→ The task
Take the records below and set down exactly the lines from the one with "One setting which" to the one with "Hello everybody, this", ends included; do not copy the pictures.

[Collected data entries]
○ ○ ○

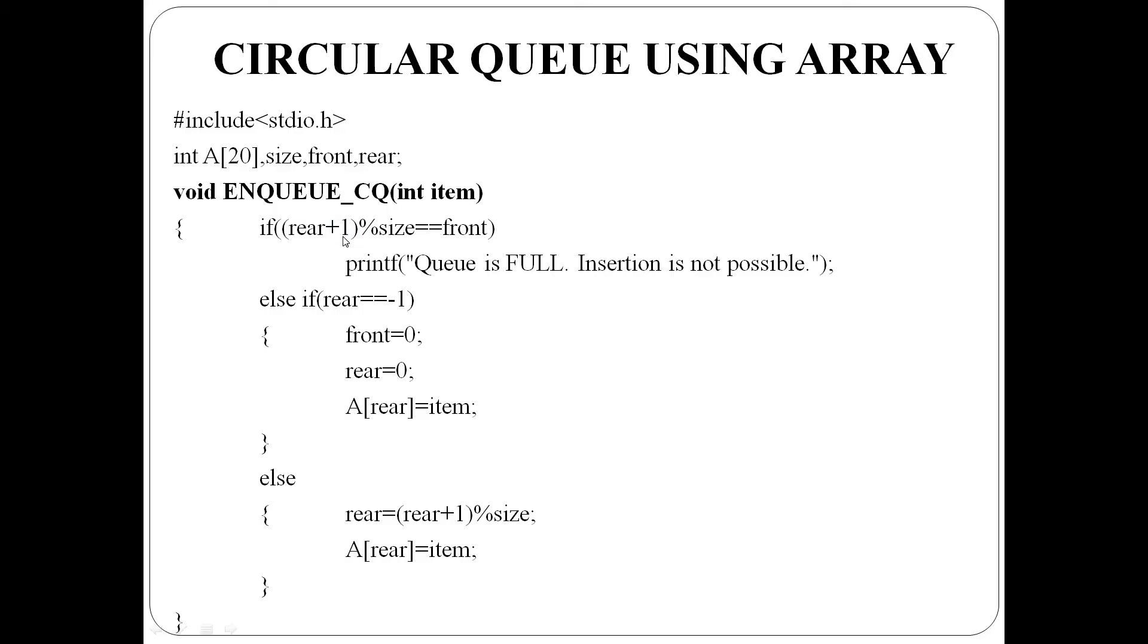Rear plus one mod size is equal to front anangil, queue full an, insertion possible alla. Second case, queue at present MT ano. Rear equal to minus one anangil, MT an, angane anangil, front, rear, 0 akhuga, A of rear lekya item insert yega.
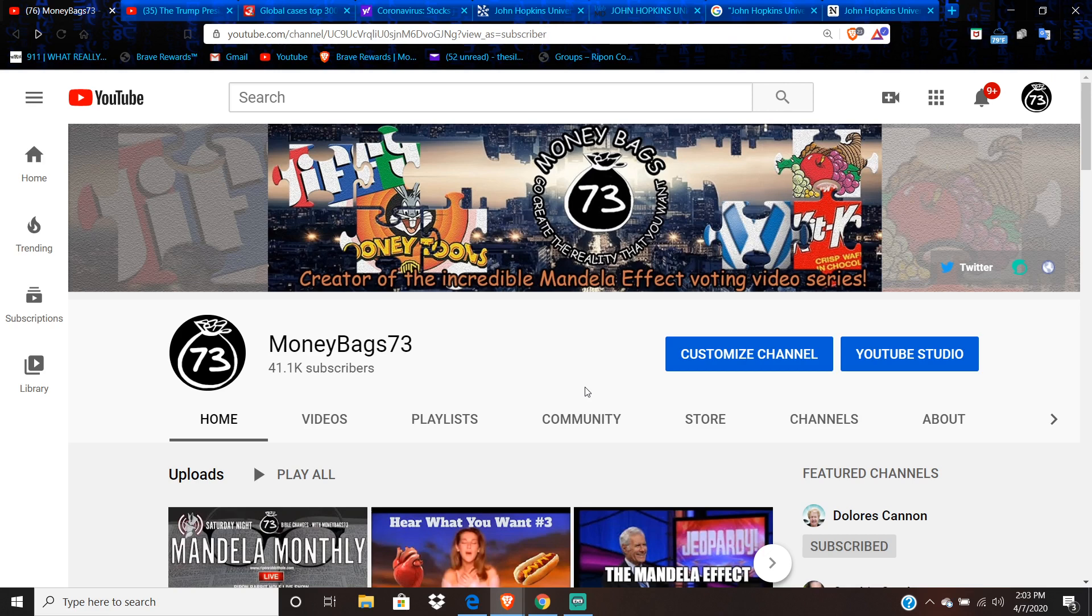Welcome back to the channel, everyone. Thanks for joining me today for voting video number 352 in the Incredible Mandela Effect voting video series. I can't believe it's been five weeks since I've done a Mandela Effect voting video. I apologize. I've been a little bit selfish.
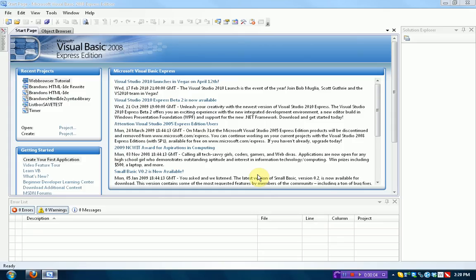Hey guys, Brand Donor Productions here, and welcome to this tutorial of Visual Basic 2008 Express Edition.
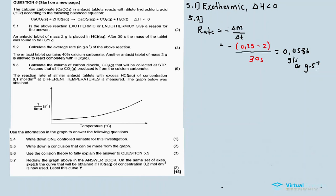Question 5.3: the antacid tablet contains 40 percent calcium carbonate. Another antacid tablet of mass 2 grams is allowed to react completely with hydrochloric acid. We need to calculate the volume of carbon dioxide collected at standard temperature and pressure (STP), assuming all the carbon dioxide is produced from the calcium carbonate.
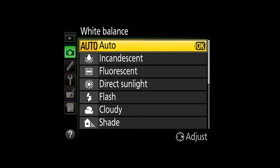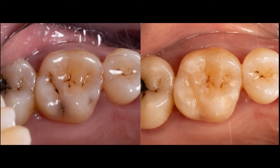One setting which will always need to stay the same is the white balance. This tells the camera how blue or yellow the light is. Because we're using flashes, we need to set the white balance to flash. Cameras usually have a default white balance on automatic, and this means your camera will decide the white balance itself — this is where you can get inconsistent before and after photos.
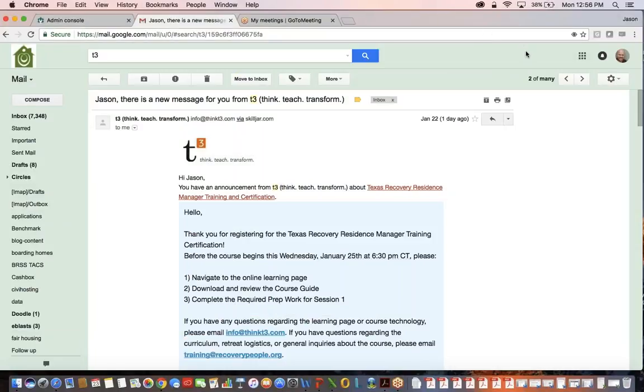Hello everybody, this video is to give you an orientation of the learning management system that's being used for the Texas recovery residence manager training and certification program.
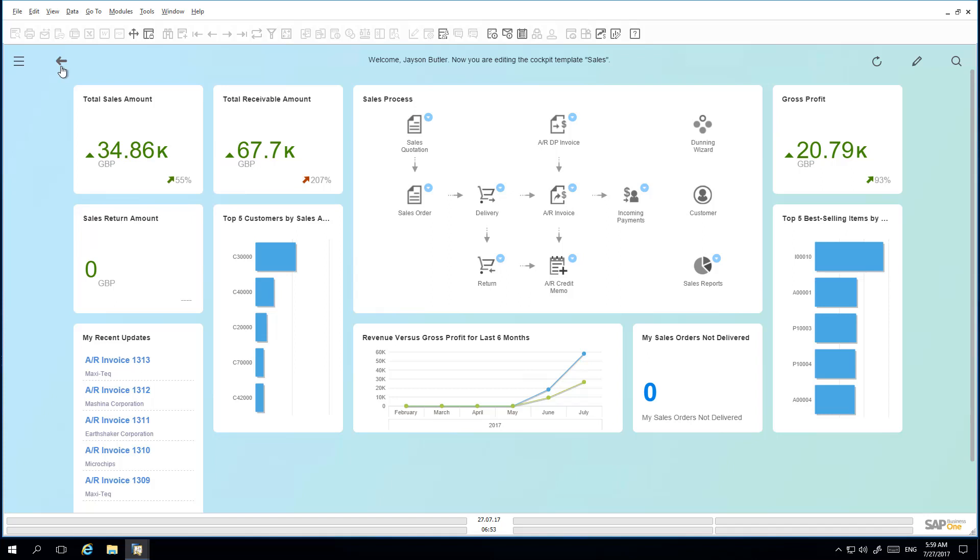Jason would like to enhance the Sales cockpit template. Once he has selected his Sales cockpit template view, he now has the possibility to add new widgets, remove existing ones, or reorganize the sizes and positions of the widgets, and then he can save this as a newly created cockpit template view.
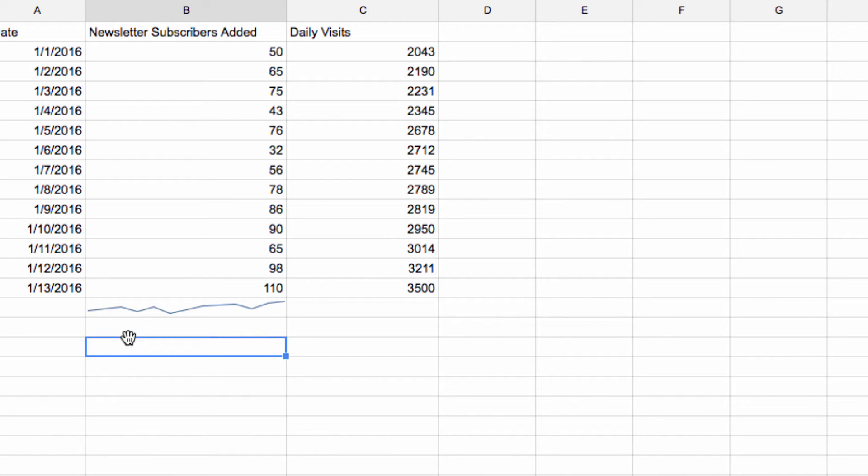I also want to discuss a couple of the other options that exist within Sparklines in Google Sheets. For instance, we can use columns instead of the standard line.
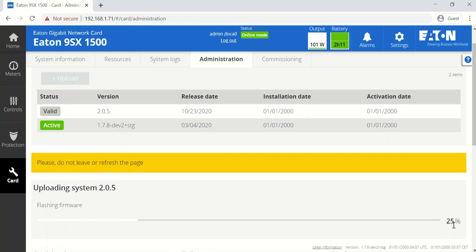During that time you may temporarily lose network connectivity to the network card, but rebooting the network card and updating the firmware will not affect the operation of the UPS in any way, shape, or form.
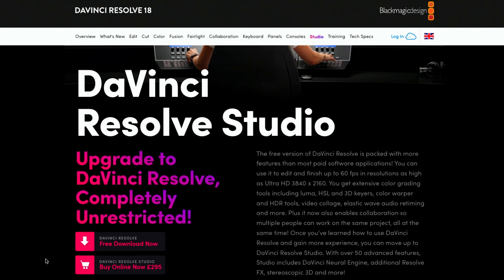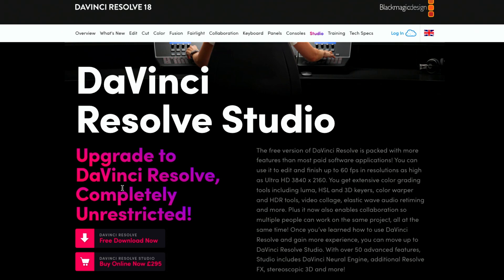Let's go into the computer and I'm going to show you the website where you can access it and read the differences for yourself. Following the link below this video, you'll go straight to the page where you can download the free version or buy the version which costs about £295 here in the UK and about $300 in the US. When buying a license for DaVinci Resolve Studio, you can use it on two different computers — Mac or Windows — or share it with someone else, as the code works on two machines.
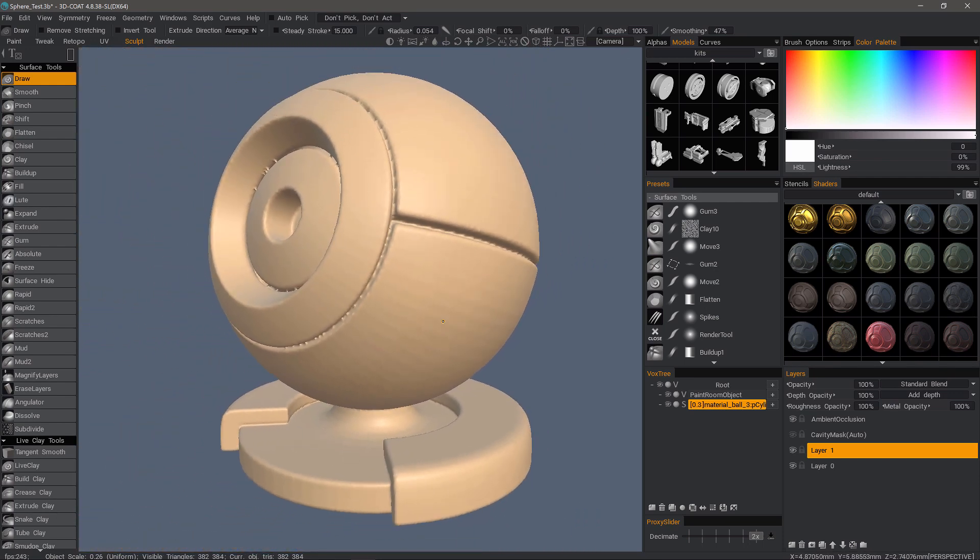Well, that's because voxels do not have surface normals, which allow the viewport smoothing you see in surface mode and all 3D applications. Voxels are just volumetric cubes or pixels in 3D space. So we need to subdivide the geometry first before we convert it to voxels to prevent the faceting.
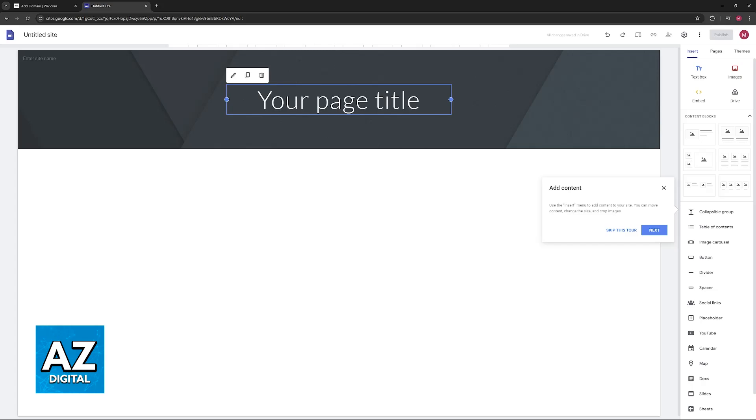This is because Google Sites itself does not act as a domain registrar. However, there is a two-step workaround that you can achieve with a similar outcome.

○ ○ ○

→ Exercise output
One setting which will always need to stay the same is the white balance. This tells the camera how blue or yellow the light is. Because we're using flashes, we need to set the white balance to flash. Cameras usually have a default white balance on automatic, and this means your camera will decide the white balance itself — this is where you can get inconsistent before and after photos.
Hello everybody, this video is to give you an orientation of the learning management system that's being used for the Texas recovery residence manager training and certification program.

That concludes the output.